_Task instructions_.
For the listing that follows, give again exactly the lines from the one with "Misty Forest No2" to the one with "Koala Cute i Träd Grått Knapp (Framsida)", including both.

_Data in this exercise_.
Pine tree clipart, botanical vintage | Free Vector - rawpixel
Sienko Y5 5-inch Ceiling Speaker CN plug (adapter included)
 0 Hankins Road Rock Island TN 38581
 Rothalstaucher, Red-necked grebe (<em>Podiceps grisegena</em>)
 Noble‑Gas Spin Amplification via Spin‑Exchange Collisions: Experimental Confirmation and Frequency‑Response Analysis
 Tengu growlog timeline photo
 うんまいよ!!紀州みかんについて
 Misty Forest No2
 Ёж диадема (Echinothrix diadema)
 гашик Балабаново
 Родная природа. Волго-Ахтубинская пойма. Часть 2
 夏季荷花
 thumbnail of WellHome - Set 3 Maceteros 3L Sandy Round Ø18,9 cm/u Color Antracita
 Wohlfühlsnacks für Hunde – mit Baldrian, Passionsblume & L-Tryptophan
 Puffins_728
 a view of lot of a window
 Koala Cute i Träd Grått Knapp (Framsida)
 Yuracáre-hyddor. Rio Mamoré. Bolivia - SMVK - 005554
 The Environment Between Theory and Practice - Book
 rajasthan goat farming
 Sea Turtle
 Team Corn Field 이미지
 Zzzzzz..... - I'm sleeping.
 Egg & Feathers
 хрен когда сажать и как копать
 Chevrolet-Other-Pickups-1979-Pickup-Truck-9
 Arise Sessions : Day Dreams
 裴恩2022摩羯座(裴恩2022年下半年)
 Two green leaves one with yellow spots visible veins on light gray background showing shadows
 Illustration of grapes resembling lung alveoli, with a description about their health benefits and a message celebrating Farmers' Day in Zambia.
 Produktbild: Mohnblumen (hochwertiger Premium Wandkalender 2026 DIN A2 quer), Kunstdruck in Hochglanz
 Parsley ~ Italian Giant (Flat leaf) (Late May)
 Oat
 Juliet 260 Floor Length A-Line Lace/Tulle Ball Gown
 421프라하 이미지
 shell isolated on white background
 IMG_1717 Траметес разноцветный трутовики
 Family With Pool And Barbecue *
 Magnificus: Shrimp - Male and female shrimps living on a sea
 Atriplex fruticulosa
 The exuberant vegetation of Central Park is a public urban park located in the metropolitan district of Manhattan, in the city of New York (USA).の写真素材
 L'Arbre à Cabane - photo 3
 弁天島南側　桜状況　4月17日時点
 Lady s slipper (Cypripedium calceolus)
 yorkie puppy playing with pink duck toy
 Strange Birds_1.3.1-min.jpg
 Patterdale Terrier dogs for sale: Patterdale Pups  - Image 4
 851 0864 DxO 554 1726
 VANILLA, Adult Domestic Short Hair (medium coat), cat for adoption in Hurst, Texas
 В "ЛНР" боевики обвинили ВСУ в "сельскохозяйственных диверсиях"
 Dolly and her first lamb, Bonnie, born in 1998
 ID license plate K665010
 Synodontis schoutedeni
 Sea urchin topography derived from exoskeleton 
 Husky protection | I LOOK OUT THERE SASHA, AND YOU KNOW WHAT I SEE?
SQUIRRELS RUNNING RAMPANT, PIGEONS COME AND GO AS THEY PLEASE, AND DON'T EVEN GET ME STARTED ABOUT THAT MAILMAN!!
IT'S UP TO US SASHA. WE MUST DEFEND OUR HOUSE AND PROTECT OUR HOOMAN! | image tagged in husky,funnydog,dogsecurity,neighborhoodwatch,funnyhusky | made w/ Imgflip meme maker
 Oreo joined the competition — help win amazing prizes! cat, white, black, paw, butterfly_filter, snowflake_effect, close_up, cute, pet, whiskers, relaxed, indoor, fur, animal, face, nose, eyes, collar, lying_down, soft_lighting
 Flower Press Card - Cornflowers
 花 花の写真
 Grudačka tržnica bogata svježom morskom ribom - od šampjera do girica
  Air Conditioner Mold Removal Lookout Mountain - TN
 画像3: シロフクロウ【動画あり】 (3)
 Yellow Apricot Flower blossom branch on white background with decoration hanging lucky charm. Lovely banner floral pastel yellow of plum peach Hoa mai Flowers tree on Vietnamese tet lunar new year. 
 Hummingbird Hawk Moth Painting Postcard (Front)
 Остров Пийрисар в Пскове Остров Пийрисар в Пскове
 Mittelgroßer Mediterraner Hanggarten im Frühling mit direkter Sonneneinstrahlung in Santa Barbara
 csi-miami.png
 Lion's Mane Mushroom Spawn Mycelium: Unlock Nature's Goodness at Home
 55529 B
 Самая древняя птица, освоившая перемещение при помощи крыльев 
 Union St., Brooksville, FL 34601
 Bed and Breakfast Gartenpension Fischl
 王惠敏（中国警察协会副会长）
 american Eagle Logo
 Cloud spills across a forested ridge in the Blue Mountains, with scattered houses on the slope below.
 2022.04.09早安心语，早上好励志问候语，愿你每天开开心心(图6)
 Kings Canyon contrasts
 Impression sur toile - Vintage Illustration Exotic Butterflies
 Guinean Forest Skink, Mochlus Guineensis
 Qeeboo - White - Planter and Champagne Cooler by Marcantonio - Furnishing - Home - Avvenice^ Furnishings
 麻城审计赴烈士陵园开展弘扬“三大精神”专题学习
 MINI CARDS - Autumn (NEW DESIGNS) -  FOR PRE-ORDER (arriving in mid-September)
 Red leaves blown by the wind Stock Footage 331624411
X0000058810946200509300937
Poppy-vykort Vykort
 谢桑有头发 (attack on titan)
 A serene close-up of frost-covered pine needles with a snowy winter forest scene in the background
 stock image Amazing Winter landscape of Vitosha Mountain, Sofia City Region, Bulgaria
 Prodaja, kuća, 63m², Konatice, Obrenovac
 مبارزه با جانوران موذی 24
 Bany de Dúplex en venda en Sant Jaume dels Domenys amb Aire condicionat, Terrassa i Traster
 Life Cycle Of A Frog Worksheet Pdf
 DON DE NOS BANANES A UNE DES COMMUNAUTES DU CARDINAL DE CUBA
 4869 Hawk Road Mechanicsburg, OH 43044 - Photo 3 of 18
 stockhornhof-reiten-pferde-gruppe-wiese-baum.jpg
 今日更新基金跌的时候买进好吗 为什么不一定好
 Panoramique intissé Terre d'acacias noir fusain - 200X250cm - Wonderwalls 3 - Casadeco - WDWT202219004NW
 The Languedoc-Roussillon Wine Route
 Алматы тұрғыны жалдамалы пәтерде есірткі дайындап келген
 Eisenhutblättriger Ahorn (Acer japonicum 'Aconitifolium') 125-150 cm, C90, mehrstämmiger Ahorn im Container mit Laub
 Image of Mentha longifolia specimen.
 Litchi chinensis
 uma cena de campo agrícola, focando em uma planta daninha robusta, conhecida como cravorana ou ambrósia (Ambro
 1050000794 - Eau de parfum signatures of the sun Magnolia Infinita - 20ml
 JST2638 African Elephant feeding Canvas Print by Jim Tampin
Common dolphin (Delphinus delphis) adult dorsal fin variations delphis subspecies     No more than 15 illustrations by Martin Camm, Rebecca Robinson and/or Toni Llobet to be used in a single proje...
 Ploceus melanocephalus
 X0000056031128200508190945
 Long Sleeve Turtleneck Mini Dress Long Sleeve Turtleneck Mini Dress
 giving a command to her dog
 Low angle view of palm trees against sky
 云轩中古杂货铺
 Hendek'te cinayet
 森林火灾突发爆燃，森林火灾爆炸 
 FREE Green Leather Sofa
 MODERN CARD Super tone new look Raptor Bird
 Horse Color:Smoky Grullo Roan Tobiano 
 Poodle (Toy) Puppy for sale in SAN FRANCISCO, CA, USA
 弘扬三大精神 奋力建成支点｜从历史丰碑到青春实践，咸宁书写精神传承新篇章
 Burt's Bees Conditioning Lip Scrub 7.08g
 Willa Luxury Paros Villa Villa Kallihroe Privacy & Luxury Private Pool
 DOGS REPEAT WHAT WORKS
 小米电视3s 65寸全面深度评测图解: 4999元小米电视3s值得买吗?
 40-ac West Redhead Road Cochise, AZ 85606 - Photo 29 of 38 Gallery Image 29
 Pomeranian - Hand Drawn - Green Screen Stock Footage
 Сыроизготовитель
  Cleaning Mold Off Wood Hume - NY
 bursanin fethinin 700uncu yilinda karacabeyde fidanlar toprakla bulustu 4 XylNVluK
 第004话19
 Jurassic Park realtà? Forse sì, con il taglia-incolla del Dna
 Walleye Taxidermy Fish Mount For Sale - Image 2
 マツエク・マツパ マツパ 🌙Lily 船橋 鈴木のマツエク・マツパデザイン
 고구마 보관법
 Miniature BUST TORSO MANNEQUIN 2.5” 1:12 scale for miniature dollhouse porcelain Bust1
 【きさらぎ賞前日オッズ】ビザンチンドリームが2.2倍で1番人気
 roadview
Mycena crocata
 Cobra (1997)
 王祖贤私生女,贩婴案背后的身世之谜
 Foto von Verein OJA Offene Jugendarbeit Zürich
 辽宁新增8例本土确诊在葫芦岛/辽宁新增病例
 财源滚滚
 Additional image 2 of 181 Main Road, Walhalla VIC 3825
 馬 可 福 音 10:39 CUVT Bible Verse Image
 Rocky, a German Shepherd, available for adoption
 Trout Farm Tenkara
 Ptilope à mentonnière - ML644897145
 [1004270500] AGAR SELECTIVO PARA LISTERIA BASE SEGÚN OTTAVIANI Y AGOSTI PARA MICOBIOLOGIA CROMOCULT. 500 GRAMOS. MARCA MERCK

_Solution_.
 Misty Forest No2
 Ёж диадема (Echinothrix diadema)
 гашик Балабаново
 Родная природа. Волго-Ахтубинская пойма. Часть 2
 夏季荷花
 thumbnail of WellHome - Set 3 Maceteros 3L Sandy Round Ø18,9 cm/u Color Antracita
 Wohlfühlsnacks für Hunde – mit Baldrian, Passionsblume & L-Tryptophan
 Puffins_728
 a view of lot of a window
 Koala Cute i Träd Grått Knapp (Framsida)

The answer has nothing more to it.